(Brief descriptive captions)
------------------------------------
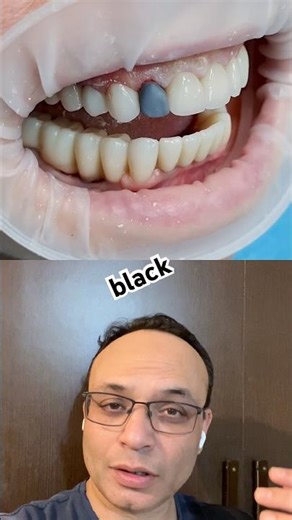 Black Tooth for a Smile? 😳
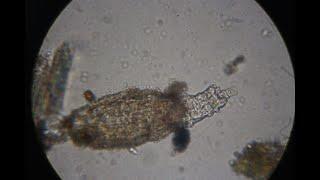 Rotifer from a pinch of moss in my garden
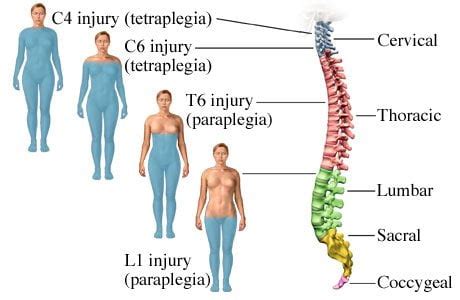 Stem Cell Treatment for Spinal Cord Injuries SCI Therapy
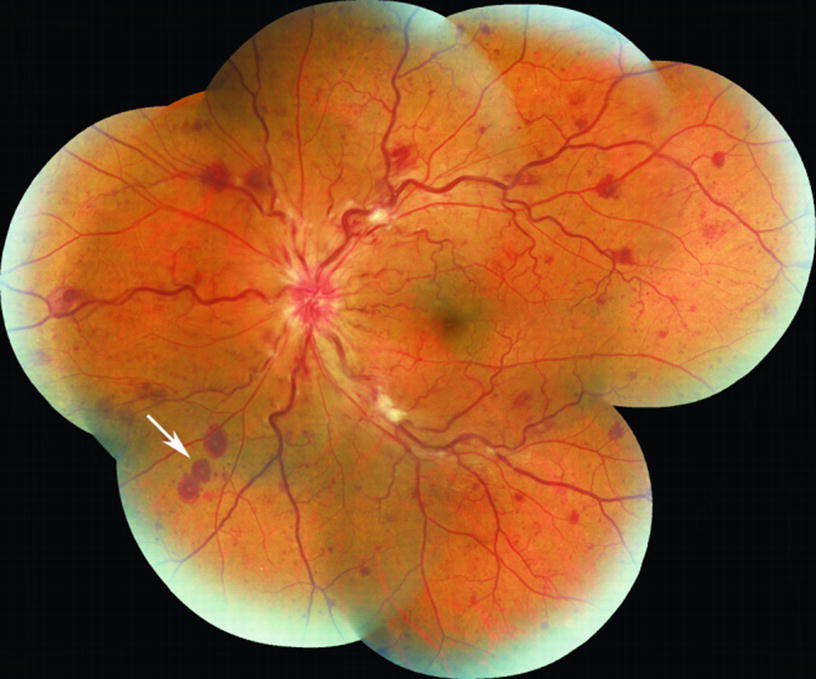 Syphilis The Great Imitator Springerlink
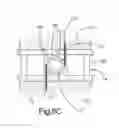 Fig. 33 - Intervertebral implant having extendable bone fixation members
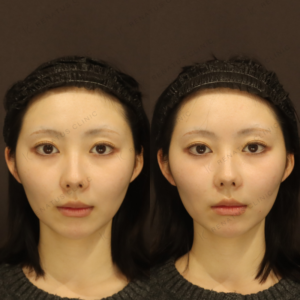 新宿の鼻翼基部ヒアルロン酸注射が上手いと評判｜ボリューマ使用・20代女性の症例写真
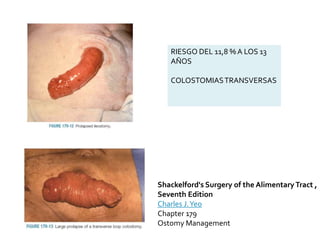 RIESGO DEL 11,8 % A LOS 13
AÑOS
COLOSTOMIASTRANSVERSAS
Shackelford's Surgery of the AlimentaryTract ,
Seventh Edition
Charles J.Yeo
Chapter 179
Ostomy Management
 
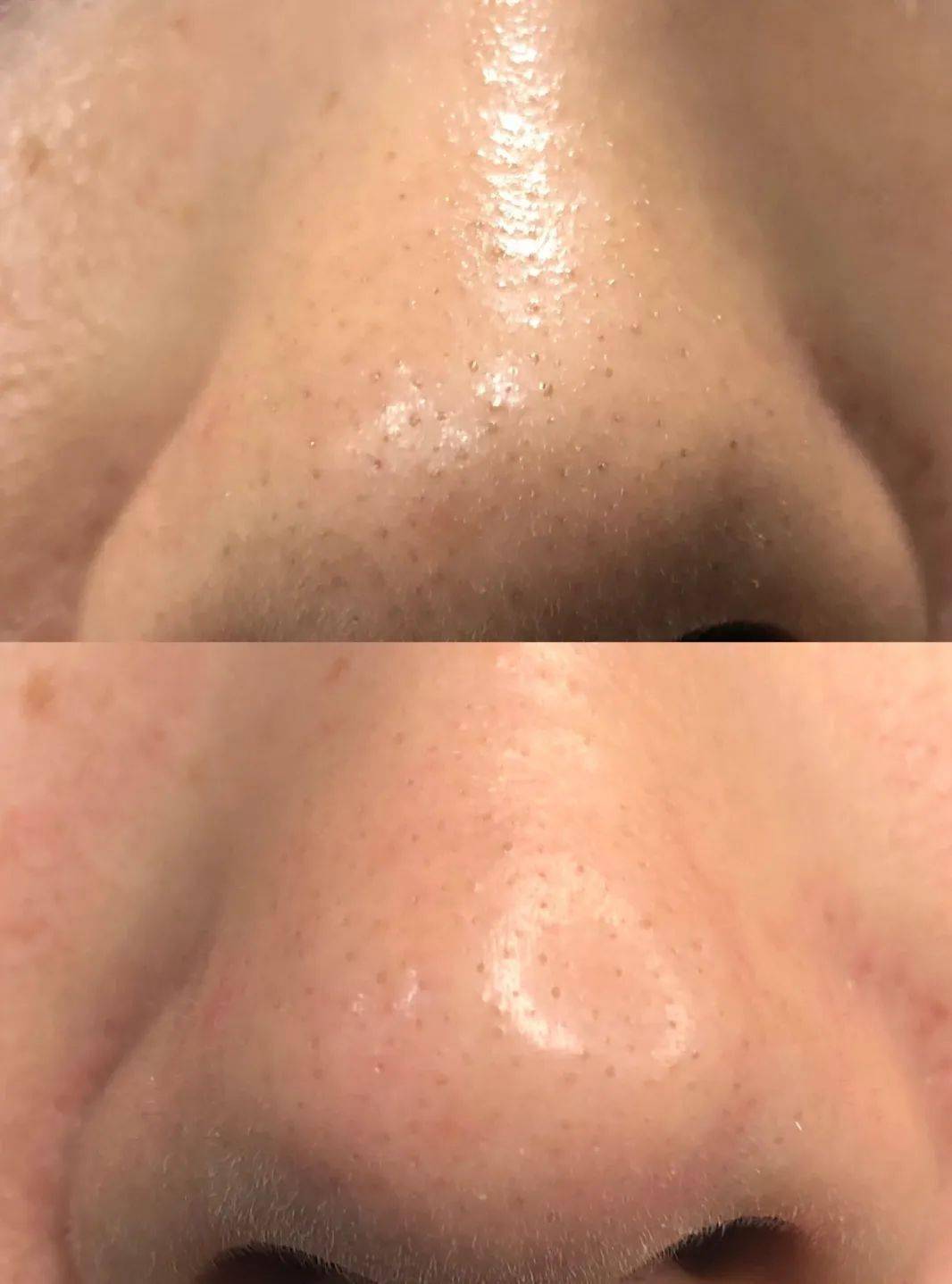 角质|能搓出“脏东西”的它3秒卖出一瓶！去角质、黑头、收毛孔，给你肌肤来次“大扫除”!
------------------------------------
INSTRUCTIONS TO FOLLOW:
Only what runs from the line containing "Shackelford's Surgery of" through the end of the entries above should be extracted, exactly and without pictures.

ANSWER SECTION:
Shackelford's Surgery of the AlimentaryTract ,
Seventh Edition
Charles J.Yeo
Chapter 179
Ostomy Management
 
 角质|能搓出“脏东西”的它3秒卖出一瓶！去角质、黑头、收毛孔，给你肌肤来次“大扫除”!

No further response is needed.